§ Exercise instructions
Apart from the images, reproduce all of the data word for word.

§ Data records
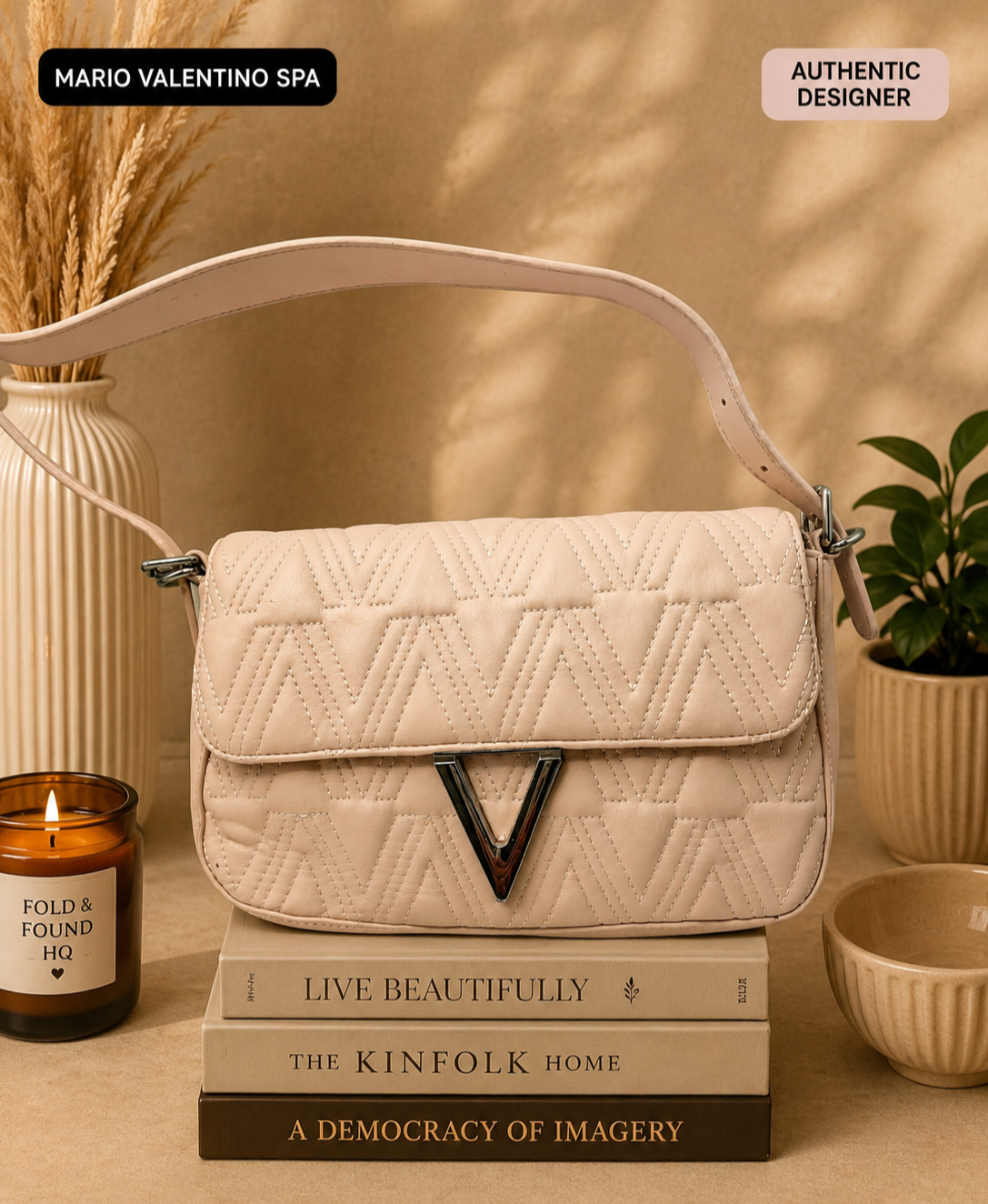 Mario Valentino SPA - Avaline Blush Pink Quilted Shoulder Bag - Authentic Designer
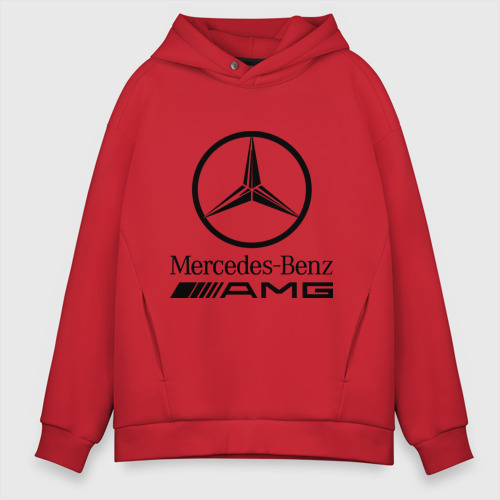 Мужское худи Oversize хлопок AMG, цвет красный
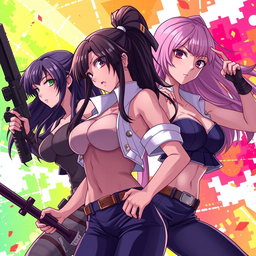 Create an anime-style image featuring mature female characters with exaggerated proportions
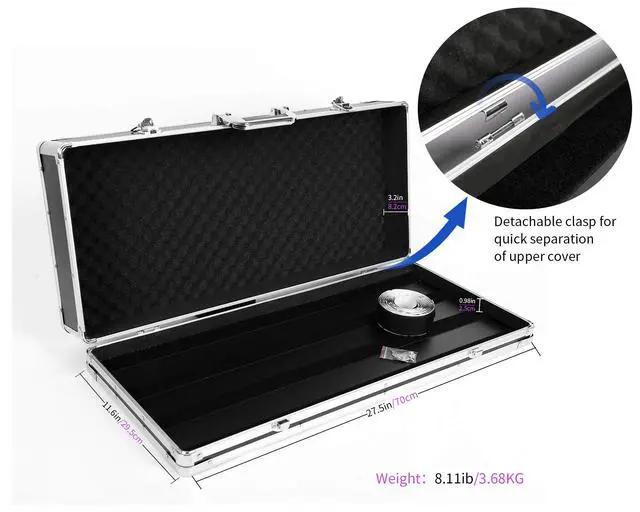 Alt view image 2 of 7 - Guitar Multi Effect Pedal Case 27.5x11.6x4.2in, T-EC14 | Aluminum Alloy 8.1lb Pedalboard Case for 10-12 Effects Pedals, with Pedal Mounting Tape Fastener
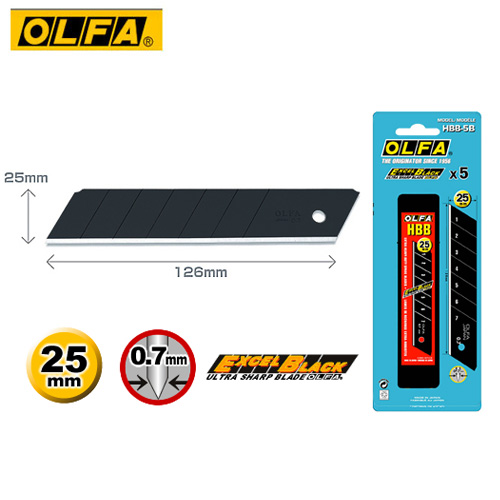 OLFA  HBB-5B  銳特大型美工刀片 (5片裝) / 盒 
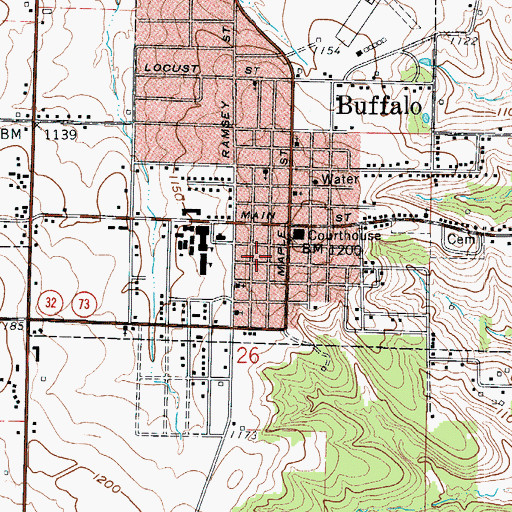 Topographic Map of Buffalo Post Office, MO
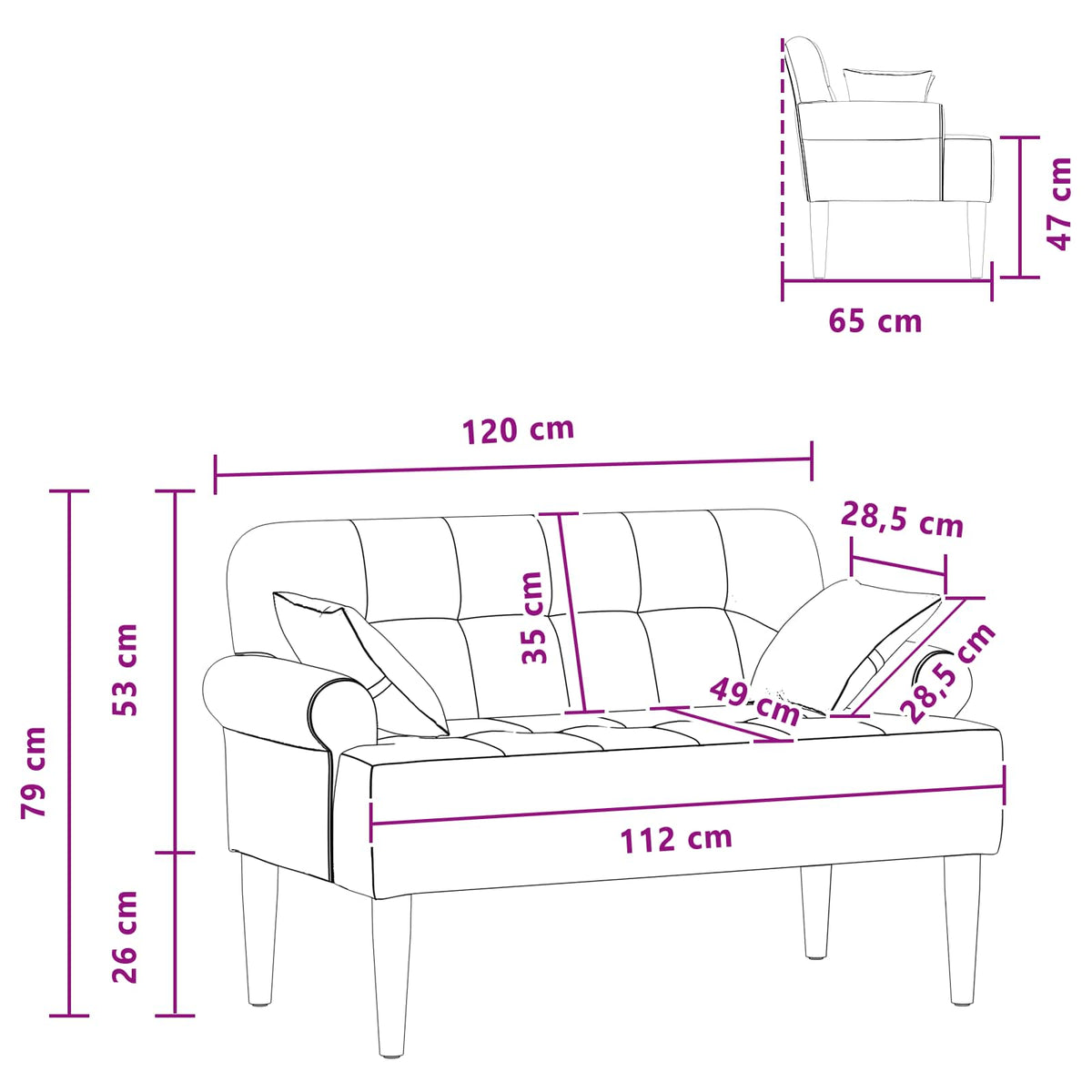 vidaXL Loungebank met knopencomfort Zwart 120 x 65 x 79 cm Stof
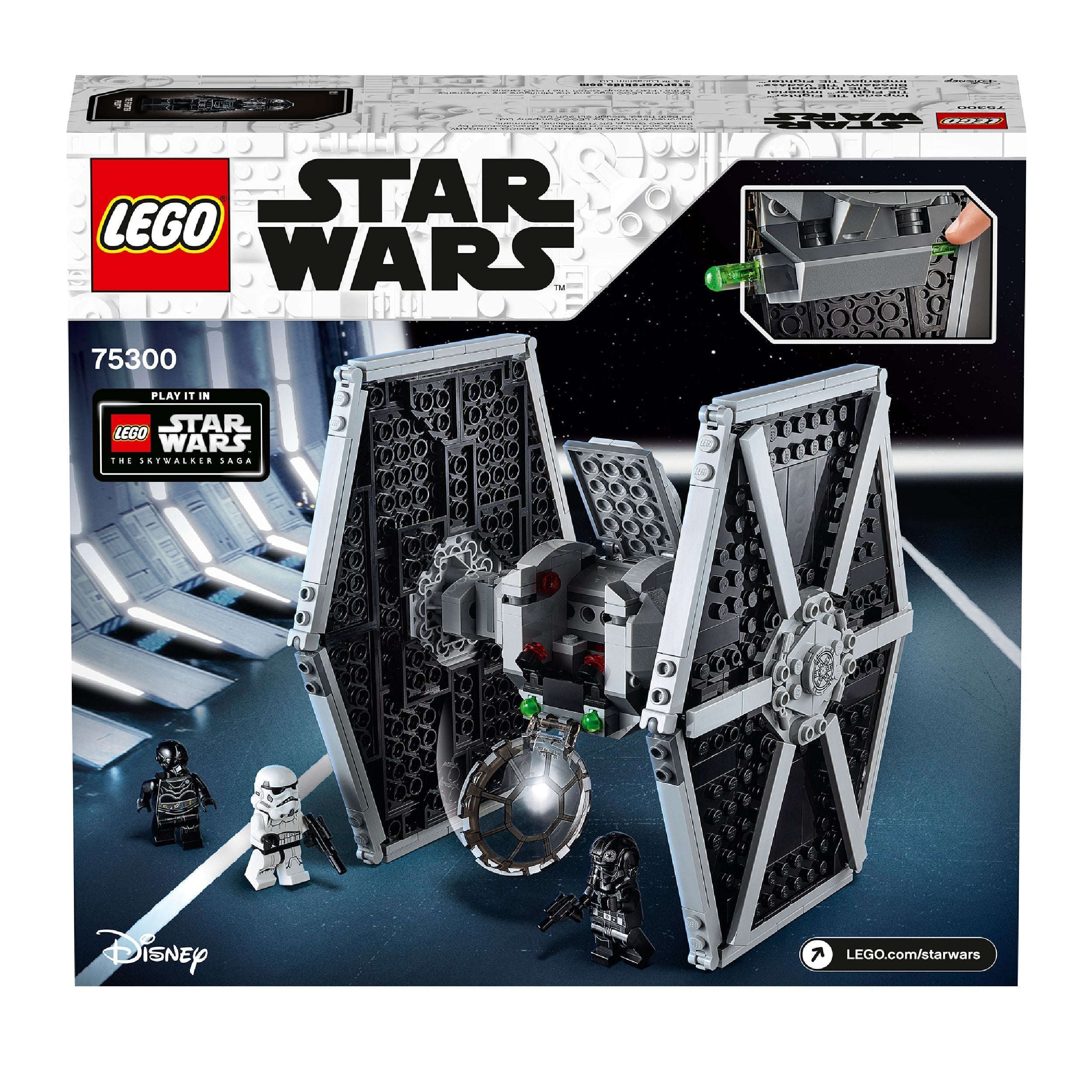 LEGO Star Wars Imperial TIE Fighter Toy 75300 with minifigures and NI-L8 Protocol Droid, perfect for fans of the trilogy.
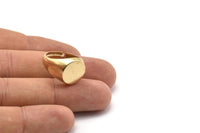 Brass Round Ring, 2 Raw Brass Round Shaped Adjustable Ring Settings, Stamping Round Ring Base (17mm) SY0026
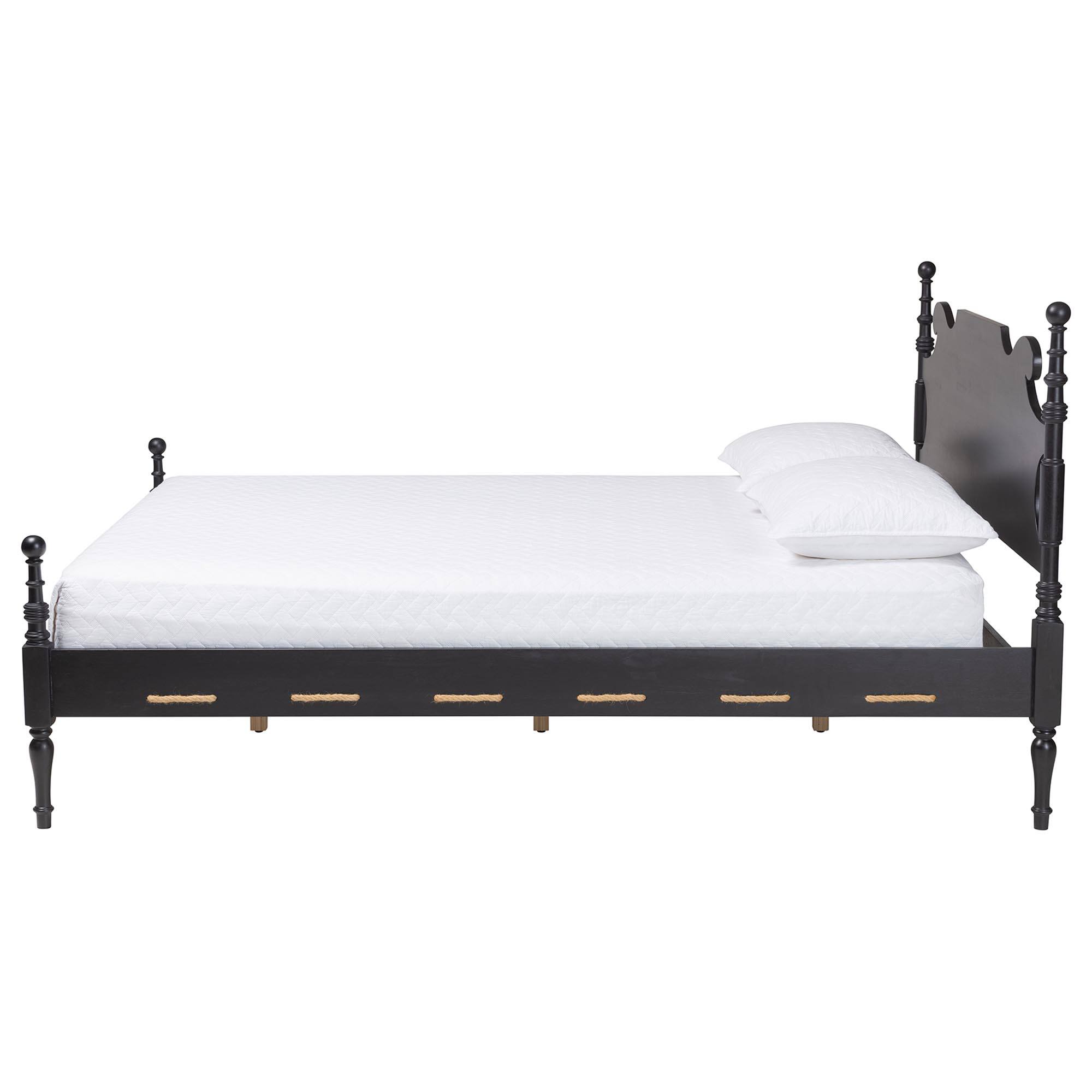 Angle. Baxton Studio - Gaetano Platform Bed - Four Poster Bed Frame with Turned Posts and Panel Headboard for Bedroom, Queen - Black.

§ Your solution
 Mario Valentino SPA - Avaline Blush Pink Quilted Shoulder Bag - Authentic Designer
 Мужское худи Oversize хлопок AMG, цвет красный
 Create an anime-style image featuring mature female characters with exaggerated proportions
 Alt view image 2 of 7 - Guitar Multi Effect Pedal Case 27.5x11.6x4.2in, T-EC14 | Aluminum Alloy 8.1lb Pedalboard Case for 10-12 Effects Pedals, with Pedal Mounting Tape Fastener
 OLFA  HBB-5B  銳特大型美工刀片 (5片裝) / 盒 
 Topographic Map of Buffalo Post Office, MO
 vidaXL Loungebank met knopencomfort Zwart 120 x 65 x 79 cm Stof
 LEGO Star Wars Imperial TIE Fighter Toy 75300 with minifigures and NI-L8 Protocol Droid, perfect for fans of the trilogy.
 Brass Round Ring, 2 Raw Brass Round Shaped Adjustable Ring Settings, Stamping Round Ring Base (17mm) SY0026
 Angle. Baxton Studio - Gaetano Platform Bed - Four Poster Bed Frame with Turned Posts and Panel Headboard for Bedroom, Queen - Black.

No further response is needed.